25 November 2020

Design Parade (Part 2)

Here’s the second edition of our Design Parade, a wide-ranging and diversified look at furnishing production during this immensely complicated 2020. Now, after sustainability, outdoor and green, after social network, colour and Eighties-derived inspiration, it’s time to talk about re-editions and the influence fashion and art have always exerted on design, in order to put together a new grammar of beauty that does not exclude the functional and at all costs avoids being described as a trend.

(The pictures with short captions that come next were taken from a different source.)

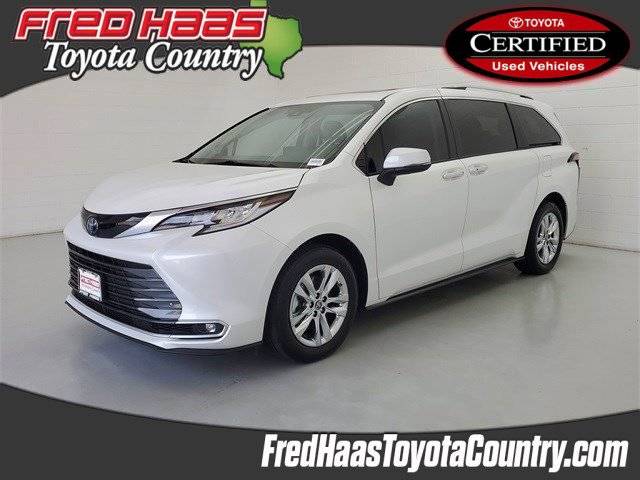 2023 Toyota Sienna Limited — Minivan — 25,809 mi — Houston, TX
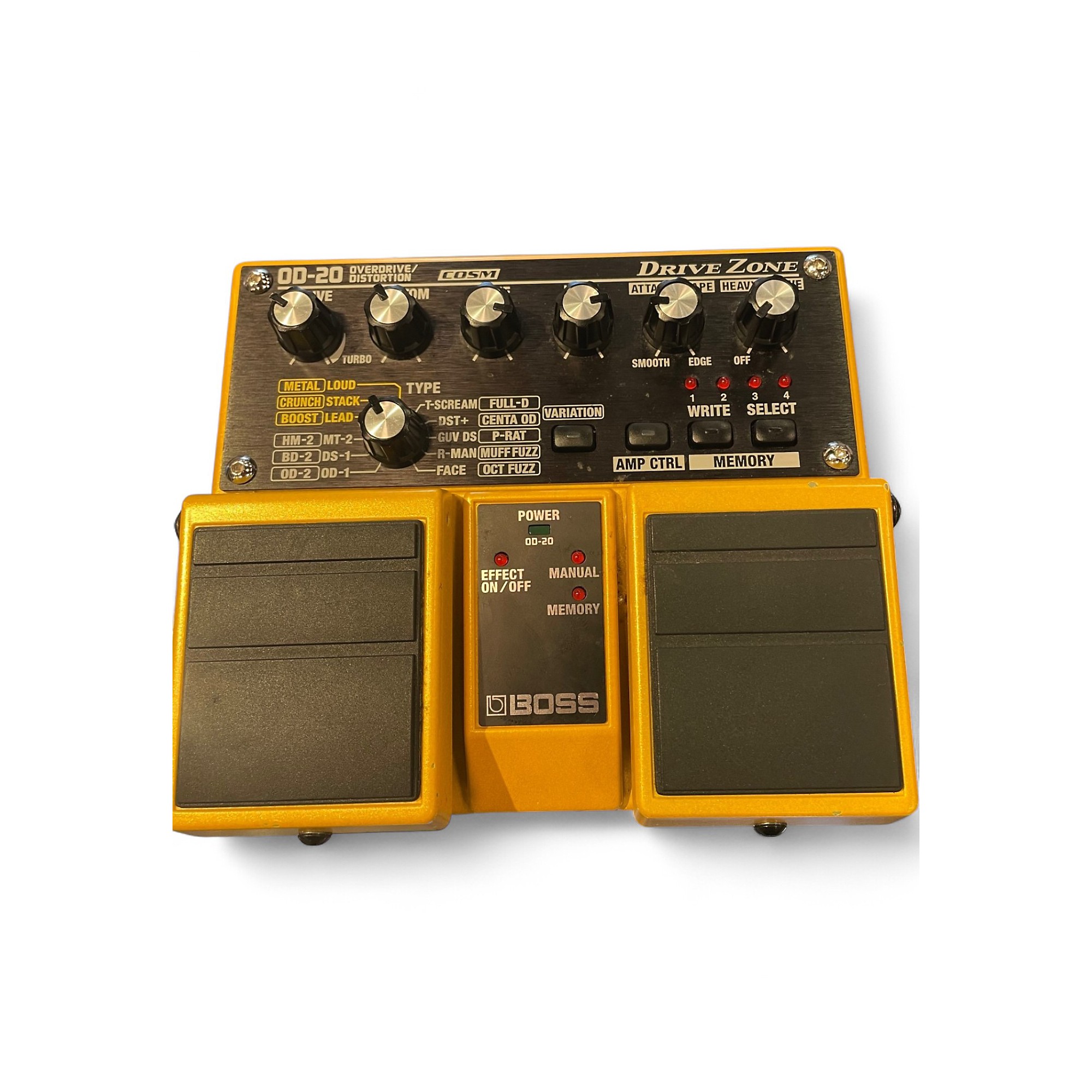 ギター BOSS OverDrive Distortion DRIVE ZONE BOSS - OD-20 | Drive Zone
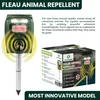 Fleau Repellente per animali ad ultrasuoni a energia solare Anteprima dell’immagine prodotto 8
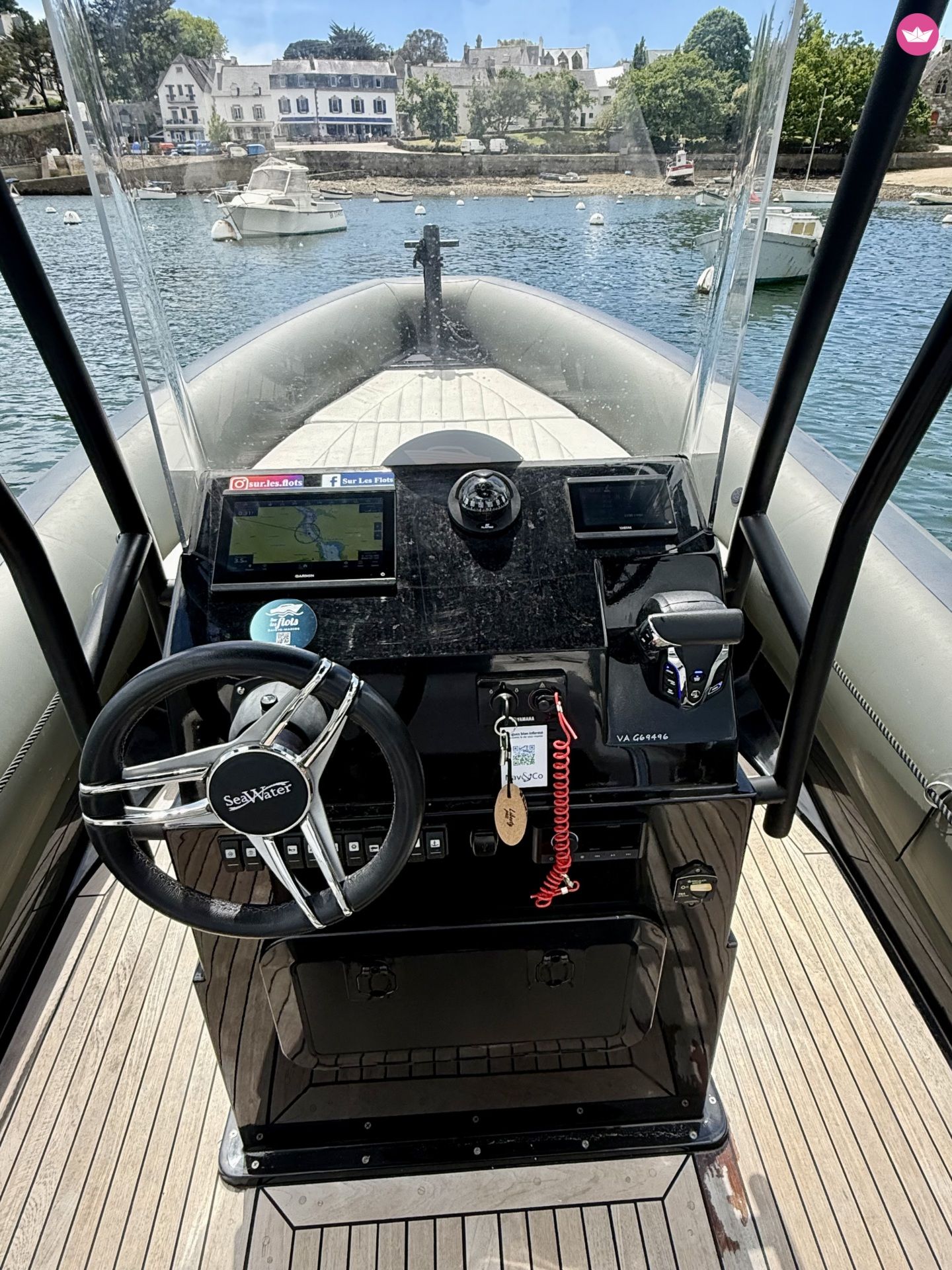 Semi-rigide SEA WATER PHANTOM 230 250cv 5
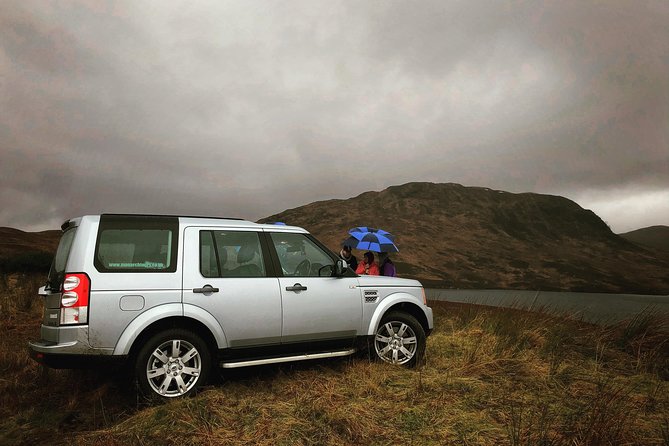 Glencoe & Highlands: Private Land Rover Tour - Rannoch Moor and Loch Tulla viewpoints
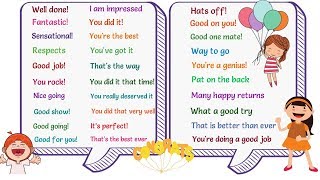 Congratulations 45 Super Useful Ways to Say Congratulations in English [upl. by Faruq]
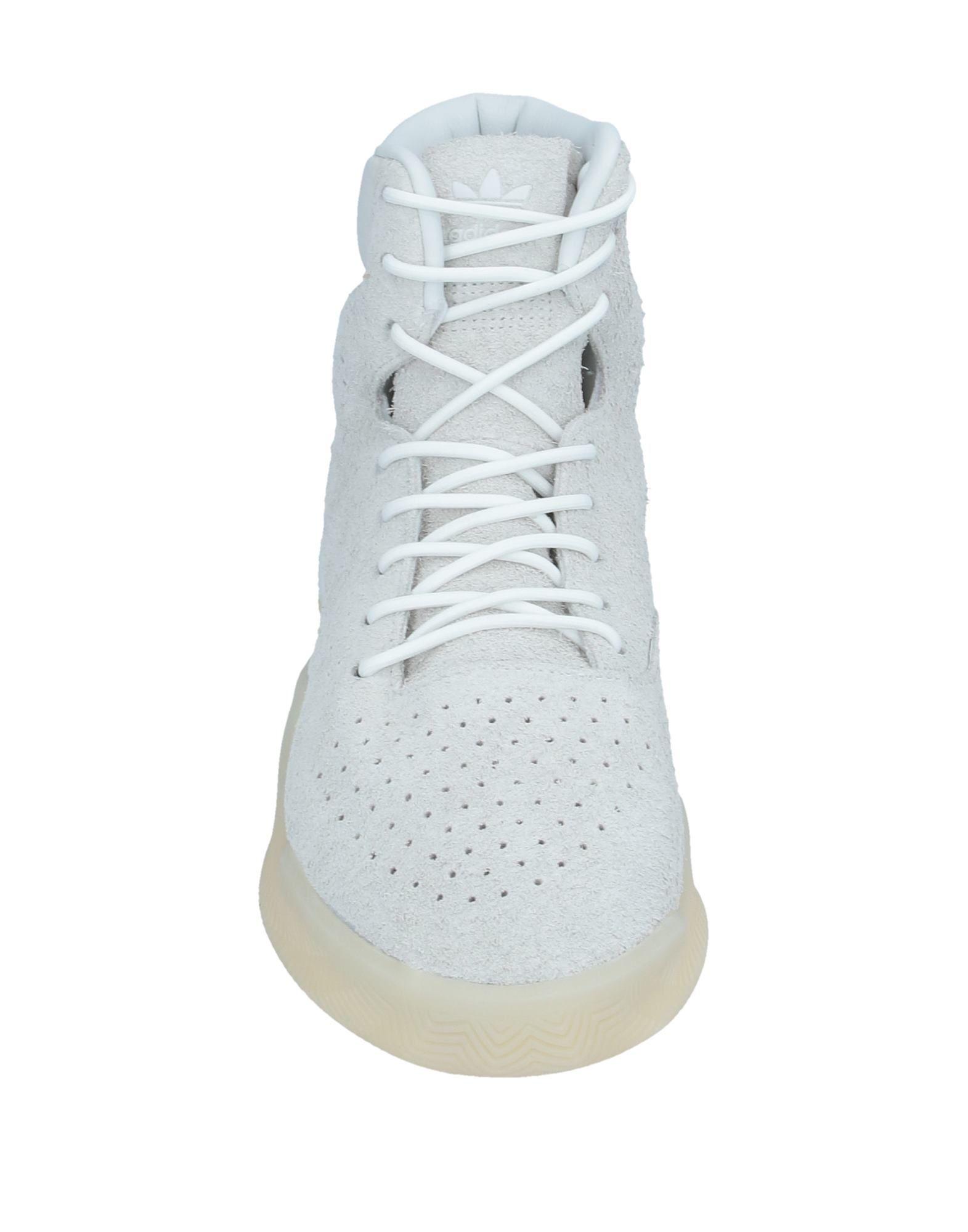 adidas Originals Suede High-tops & Sneakers in White for Men - Lyst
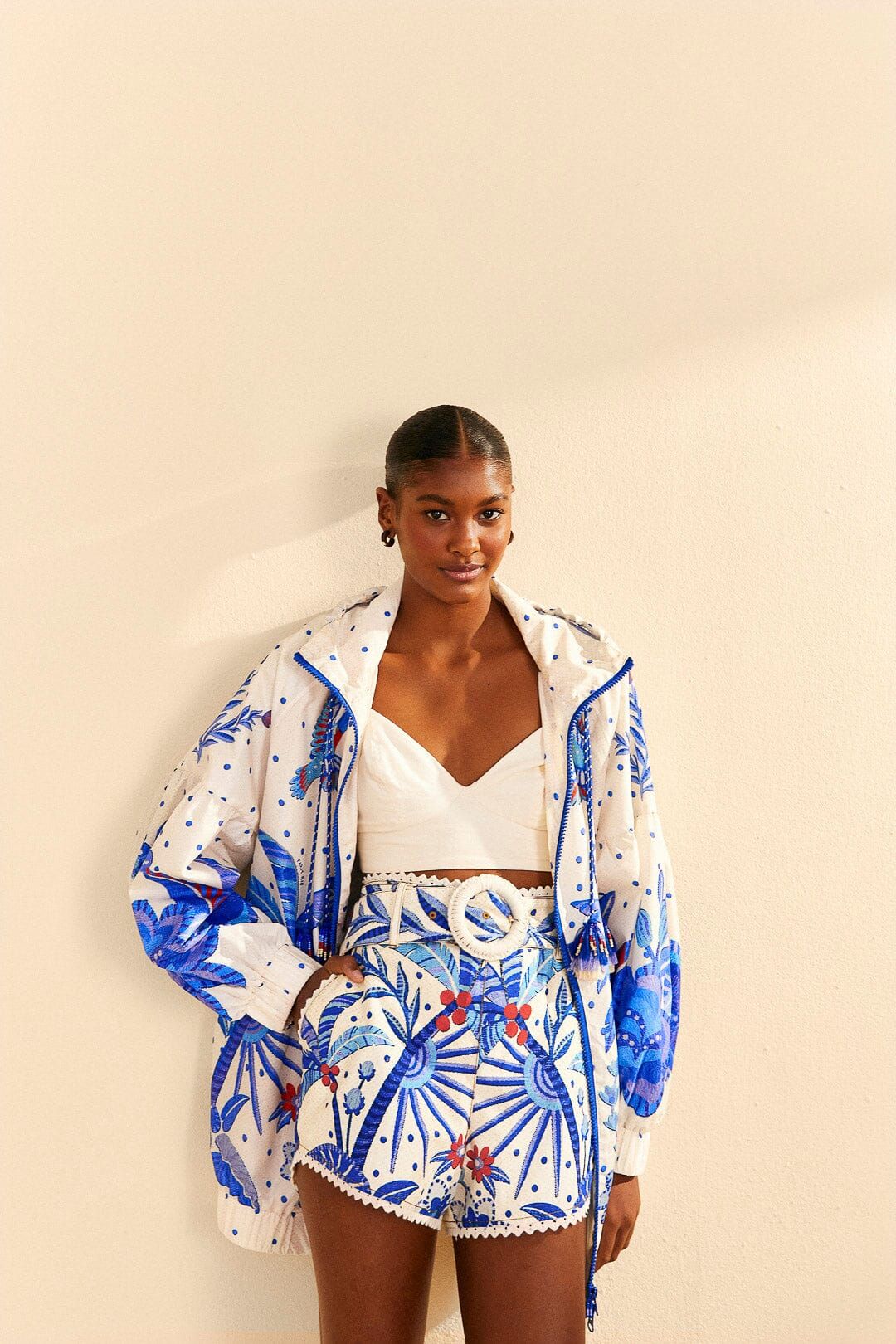 Off-White Jungle Chic Shorts sold by FARM Rio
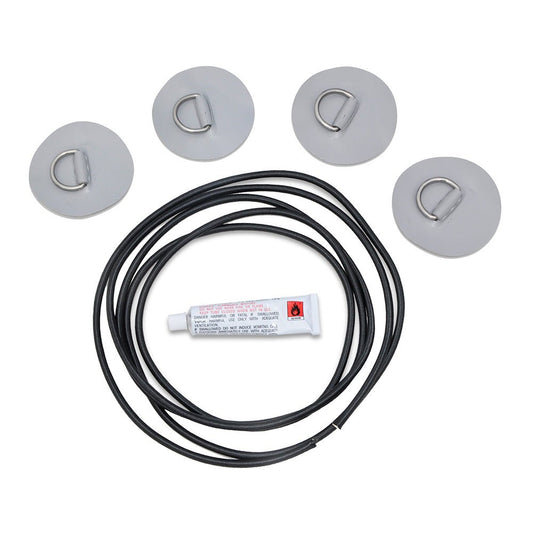 Solstice Watersports SUP D - Ring &amp; Bungee Kit - Marine Parts OnlyPaddlesportsSolstice Watersports
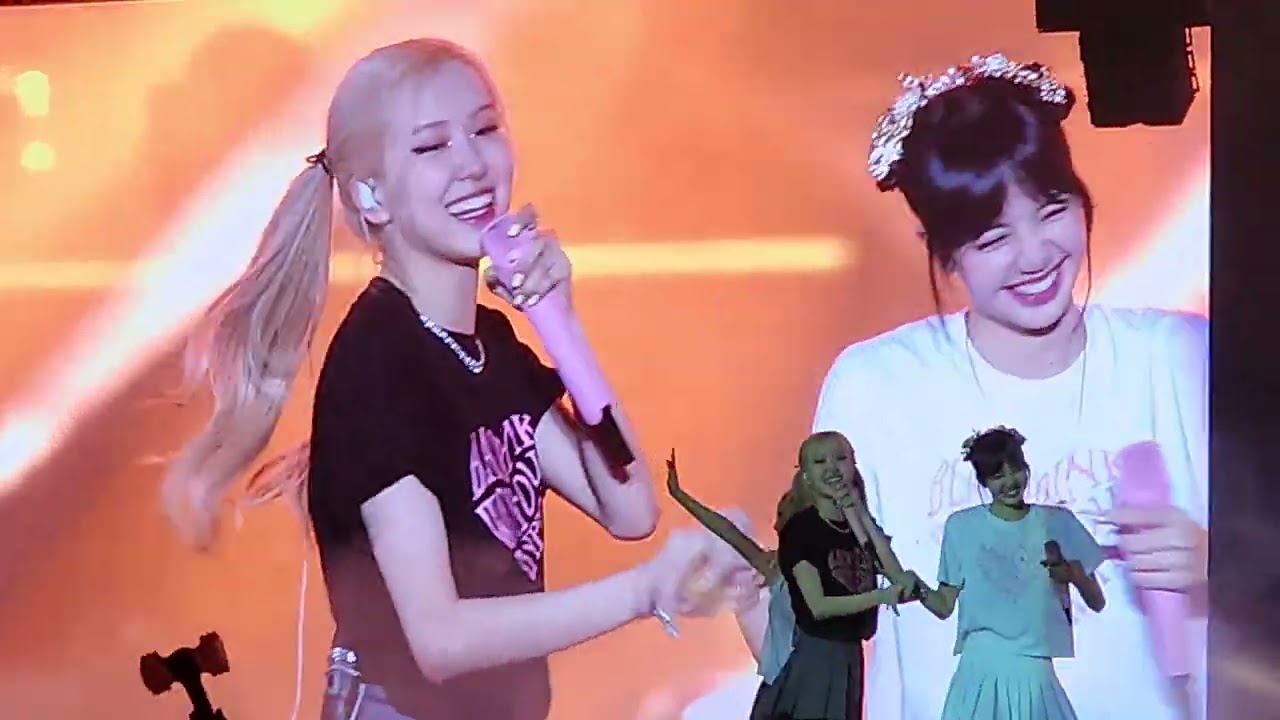 #BORNPINKinBANGKOK Day1 คลิป 13 (HBD Jisoo)  #blackpink #blackpinkworldtour  #bornpink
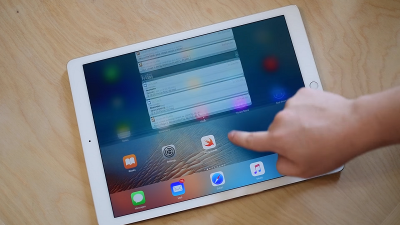 iOS 10 新功能曝光!iPad Pro 也能用 3D Touch? iOS 10 新功能曝光!iPad Pro 也能用 3D Touch?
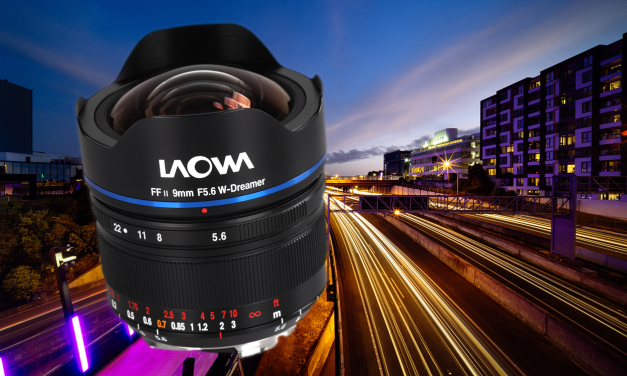 Laowa 9mm f/5,6 FF RL: Rektilineares Extremweitwinkel für spiegellose Kleinbildkameras
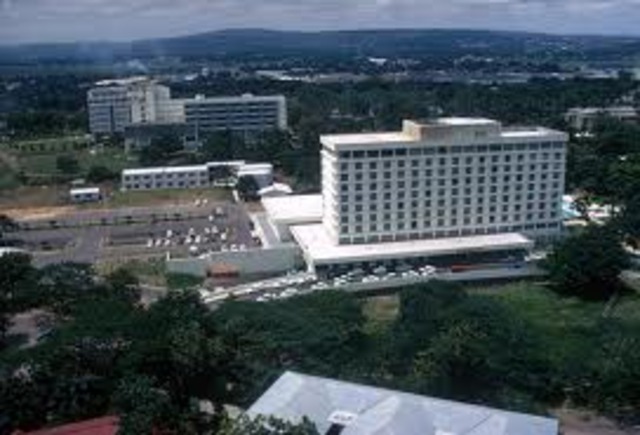 Panic Begins in Zaire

Furnishing that can generate synergies and trigger cross-pollination between different worlds, geographically or in time.


Another signal that seems impossible to underestimate comes from the fashion world, and this is a paean, sometimes also a reaction, to the new diktat that “disorder is the new order.” On one hand, there is a mixture of fabrics, references, styles, hours of the day, genders, parts of the home, as seen on the catwalks, and on the other some manufacturers are responding more challengingly with new forms of austerity, a tendency towards monochrome (no matter how multi-material) and a sophisticated choice of materials. Basically, a total refutation of street style. Several leading art directors in particular, such as Antonio Citterio, Piero Lissoni and Rodolfo Dordoni, are thinking along these lines.

Another point of contact between fashion and design clearly consists of botanical inspiration. Those stunning gardens that make clothing, hats and shoes “blossom” in fashion, decorating the walls of sets for interior design photoshoots. When it comes to products, this phytomorphic approach brings with it a return to all those natural materials that range from cane to wicker to raffia, woven with skill, the “synthetic” versions of which are used outdoors while the natural versions are used in verandas and living rooms.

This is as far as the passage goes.